O raciocínio teológico que avalia a história da Igreja Católica do século passado não se cansa de identificar diversos motivos de atualização e de releitura da tradição no Concílio Vaticano II. No entanto, muitas vezes se esquece que, entre as maiores novidades que nos são oferecidas pelos documentos conciliares, não há apenas uma “nova figura da Igreja”, mas também uma poderosíssima releitura do ministério episcopal.
Entre aqueles que, com maior lucidez, contribuíram para esclarecer essa grande novidade, está, sem dúvida, o falecido Ghislain Lafont, refinado mestre de pensamento teológico em Santo Anselmo e na Gregoriana por muitos anos. Muitas vezes, ouvimo-lo dizer com grande ênfase isto: do Vaticano II, recebemos uma nova teologia do episcopado.
Também neste blog, há quase quatro anos, ele havia escrito um texto muito luminoso sobre esse ponto (que pode ser lido aqui [em italiano]) e do qual gostaria de extrair duas passagens preciosas.
Eis um primeiro texto de Lafont:
“O Concílio Vaticano II operou uma transformação importante da teologia afirmada pela Escolástica medieval e pelo Concílio de Trento. O Vaticano II tem um conceito unificado de autoridade episcopal e fala do padre na mesma perspectiva: ‘... o bispo, assistido pelos seus padres’: também para o padre, em apoio ao bispo, a autoridade é global e diz respeito ao conjunto do ministério de ‘vigilância’ (episcopé). A teologia anterior, por outro lado, antes de falar do bispo, se interessava pelo padre e estabelecia nele uma separação entre o que lhe derivava do sacramento, ou seja, o poder litúrgico, e o que lhe derivava por delegação do bispo ou do papa, ou seja, o poder sobre a comunidade. O caráter (...) o qualificava apenas para as ações rituais, ou seja, aquelas em que tanto o significado quanto a eficácia fogem do controle do homem: ele as exerce apenas respeitando um programa do qual só pode ser instrumento. A competência pastoral, que deriva do discernimento evangélico pessoal, não era considerada de origem sacramental nem estava conectada ao caráter: ela era vista descida de cima, por meio de determinações jurídicas que se estruturam em graus. Essa origem, mais ou menos imediatamente divina, confere à palavra de quem a detém não uma autoridade ritual, mas uma garantia de verdade: ‘magistério’ e ‘jurisdição’ são termos que qualificam a palavra do bispo, e acima dele, do papa, ou, sob ele, do padre.
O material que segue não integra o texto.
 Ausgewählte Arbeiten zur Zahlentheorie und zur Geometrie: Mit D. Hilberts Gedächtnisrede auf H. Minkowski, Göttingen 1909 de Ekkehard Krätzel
Não há mais sacralidade, mas poder, não há mais validade por fidelidade ao programa ritual, mas exercício prudente da autoridade. Tomemos alguns termos coloridos: o titular da mais alta função é Sumo Sacerdote (por sacramento) e Imperador (por eleição divina), algo que se conjuga com nuances diferentes em graus hierárquicos diferentes.”
Essa leitura medieval e moderna, que chega até ao Vaticano II, produziu um efeito surpreendente, pelo menos aos nossos olhos: excluiu o episcopado do “sacramento da ordem”. Assim foi por quase um milênio, até anteontem. Mas o que significa a nova inclusão do Bispo dentro do “sacramento da ordem” – como grau mais alto e de plenitude? Também aqui Lafont acrescenta palavras de grande clareza.
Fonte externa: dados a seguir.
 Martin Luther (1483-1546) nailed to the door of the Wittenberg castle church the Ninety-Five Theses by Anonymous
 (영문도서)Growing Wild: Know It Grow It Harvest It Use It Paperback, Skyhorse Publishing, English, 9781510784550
De fato, é preciso se perguntar se
“essa unificação da origem das funções e das missões do bispo no sacramento implica ou não uma mudança da fisionomia geral do ministério cristão. E, como parece difícil negar que algo mudou, perguntamo-nos se é possível dizer em que consiste a mudança. Em outras palavras, essa autoridade pastoral global conferida pelo sacramento da Ordem se inclina em direção ritual ou, antes, na direção da autoridade? O caráter sagrado da ritualidade litúrgica se estende a todas as palavras do Bispo ou as palavras litúrgicas são remetidas à única condição de palavras de autoridade, sem eficácia específica? Vou retomar as palavras utilizadas anteriormente: o bispo será mais um Pontífice ou mais um Rei? Ou: categorias desse tipo já estão obsoletas; e então o que devemos propor para definir o ministério cristão?”
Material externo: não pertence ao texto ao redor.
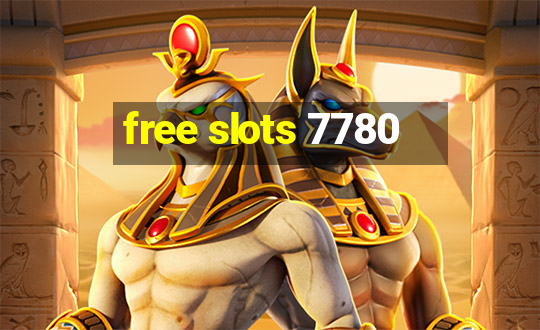 free slots 7780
No momento em que, por muitos séculos, o Bispo não tinha diretamente a ver com o sacramento da ordem, mas se limitava apenas ao “magistério” e à “jurisdição”, ele podia ser tratado substancialmente segundo as lógicas do “rei” e da sua corte. E assim foi possível usar durante séculos um “Caerimoniale Episcoporum”, um cerimonial de corte que concorria com o dos condes, dos barões e dos marqueses.
Por outro lado, a teologia justificava essa condição “funcional” do episcopado com muitos argumentos. Tendo que gerir o controle da doutrina e o exercício do poder, ele não dependia de uma “ordenação sacramental”, mas de uma “consagração” que tinha as características não do sacramento, mas do “sacramental”, ou seja, daquilo que tem uma eficácia como “ação da Igreja”, não como “ação de Deus”.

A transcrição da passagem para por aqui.